In fact, from what the headlines blared as I logged onto the Internet this morning, Edwards had presented John Kerry to the delegates as a practitioner of the “politics of hope”. Thus, I would like to dissect that phrase to demonstrate not only the phoniness of this entire charade, but also the outright poverty of the belief that politics gives us hope.

In the ancient Greek myth of Pandora’s Box, a curious girl named Pandora opened a chest and all sorts of evil sprang from the box, and she could not collect them to put them back. However, Pandora was not finished. She opened the chest once again, and out sprang Hope. Now, in our modern thinking, this second act has been presented as a good thing. The ancient Greeks, however, saw things differently. In their view it was bad enough that Pandora put evil into the world through her blundering, but then she made things even worse by giving us hope -- and we know full-well there is no hope. Therefore hope was not good, but rather an extension of evil, since people forever would be fooled into believing their repeated acts of failure suddenly would morph into something successful. Hope would keep people from recognizing their own folly and the poverty of their own thoughts.

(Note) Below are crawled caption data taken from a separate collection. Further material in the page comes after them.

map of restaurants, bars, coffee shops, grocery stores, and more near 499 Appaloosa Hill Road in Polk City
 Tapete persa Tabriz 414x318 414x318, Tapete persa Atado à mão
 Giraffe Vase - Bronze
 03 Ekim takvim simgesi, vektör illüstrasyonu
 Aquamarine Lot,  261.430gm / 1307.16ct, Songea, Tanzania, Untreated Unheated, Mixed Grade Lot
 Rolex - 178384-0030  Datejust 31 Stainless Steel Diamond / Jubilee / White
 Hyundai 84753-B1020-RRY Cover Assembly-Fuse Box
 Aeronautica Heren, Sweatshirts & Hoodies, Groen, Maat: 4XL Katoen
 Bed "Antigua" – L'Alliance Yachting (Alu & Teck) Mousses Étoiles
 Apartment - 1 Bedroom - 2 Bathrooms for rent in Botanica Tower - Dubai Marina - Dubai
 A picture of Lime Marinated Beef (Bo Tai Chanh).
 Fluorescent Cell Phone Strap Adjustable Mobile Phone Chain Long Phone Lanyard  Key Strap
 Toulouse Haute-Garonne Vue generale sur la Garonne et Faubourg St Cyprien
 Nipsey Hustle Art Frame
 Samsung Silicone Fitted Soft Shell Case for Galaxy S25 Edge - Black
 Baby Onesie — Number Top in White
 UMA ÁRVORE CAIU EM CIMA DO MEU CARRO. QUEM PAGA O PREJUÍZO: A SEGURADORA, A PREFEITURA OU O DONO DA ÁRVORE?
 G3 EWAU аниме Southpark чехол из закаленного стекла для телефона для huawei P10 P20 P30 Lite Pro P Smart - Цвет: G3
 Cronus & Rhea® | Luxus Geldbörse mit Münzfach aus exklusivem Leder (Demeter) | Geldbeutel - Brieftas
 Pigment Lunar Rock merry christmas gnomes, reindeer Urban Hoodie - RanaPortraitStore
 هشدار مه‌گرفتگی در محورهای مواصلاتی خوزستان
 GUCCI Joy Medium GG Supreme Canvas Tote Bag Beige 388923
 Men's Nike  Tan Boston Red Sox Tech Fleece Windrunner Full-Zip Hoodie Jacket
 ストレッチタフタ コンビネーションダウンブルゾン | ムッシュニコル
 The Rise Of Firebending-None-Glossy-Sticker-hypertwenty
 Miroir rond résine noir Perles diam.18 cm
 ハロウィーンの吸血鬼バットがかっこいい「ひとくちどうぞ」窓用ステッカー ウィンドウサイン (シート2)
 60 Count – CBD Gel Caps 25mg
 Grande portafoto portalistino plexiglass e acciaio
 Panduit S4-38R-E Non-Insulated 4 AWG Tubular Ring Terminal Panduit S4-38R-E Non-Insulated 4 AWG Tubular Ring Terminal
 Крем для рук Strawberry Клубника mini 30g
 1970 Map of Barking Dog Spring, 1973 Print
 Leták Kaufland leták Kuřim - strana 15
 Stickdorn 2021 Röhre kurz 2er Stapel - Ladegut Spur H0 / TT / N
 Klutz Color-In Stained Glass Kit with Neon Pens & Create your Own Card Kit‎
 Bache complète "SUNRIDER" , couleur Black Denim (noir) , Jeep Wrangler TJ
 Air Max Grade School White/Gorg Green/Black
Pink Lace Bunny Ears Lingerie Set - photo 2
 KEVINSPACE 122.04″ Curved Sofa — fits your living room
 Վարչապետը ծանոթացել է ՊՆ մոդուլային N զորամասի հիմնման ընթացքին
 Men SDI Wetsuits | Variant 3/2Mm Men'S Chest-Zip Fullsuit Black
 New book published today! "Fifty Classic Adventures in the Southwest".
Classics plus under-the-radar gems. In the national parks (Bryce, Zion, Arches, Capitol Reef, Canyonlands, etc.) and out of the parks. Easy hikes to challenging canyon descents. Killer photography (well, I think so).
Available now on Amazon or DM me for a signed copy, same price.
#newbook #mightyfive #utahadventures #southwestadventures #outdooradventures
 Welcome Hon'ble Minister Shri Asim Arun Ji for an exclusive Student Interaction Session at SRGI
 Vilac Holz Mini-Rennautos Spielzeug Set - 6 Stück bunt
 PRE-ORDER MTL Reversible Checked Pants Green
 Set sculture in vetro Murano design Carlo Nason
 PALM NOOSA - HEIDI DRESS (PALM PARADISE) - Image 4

In political terms, hope becomes the engine that permits politicians to foist failed schemes upon people, in the wrong-headed and cynical belief that after a thousand utter failures, a plan of action will prove successful. When the 9/11 Commission released its final report, it supposedly was criticizing government conduct and gave process improvement suggestions in order to prevent future terrorist attacks on Americans. The commission was unwittingly condemning the government itself and the political processes that went with it. In the vernacular, they were trying to rearrange the deck chairs as the Titanic was sinking, an act of absurdity.

Yet, the commission members have “hope”. John Edwards has “hope”. John Kerry has “hope”. The DNC delegates have “hope”. George W. Bush and his minions will tell the nation next month that they will provide “hope”. The political classes have “hope”, but no answers -- because their way of doing things can never provide hope. The welfare-warfare state always will have the same results, no matter who occupies the White House and Congress or sits in the judges’ chambers. For those of us who understand the true poverty of politics, we look elsewhere for answers, and even hope.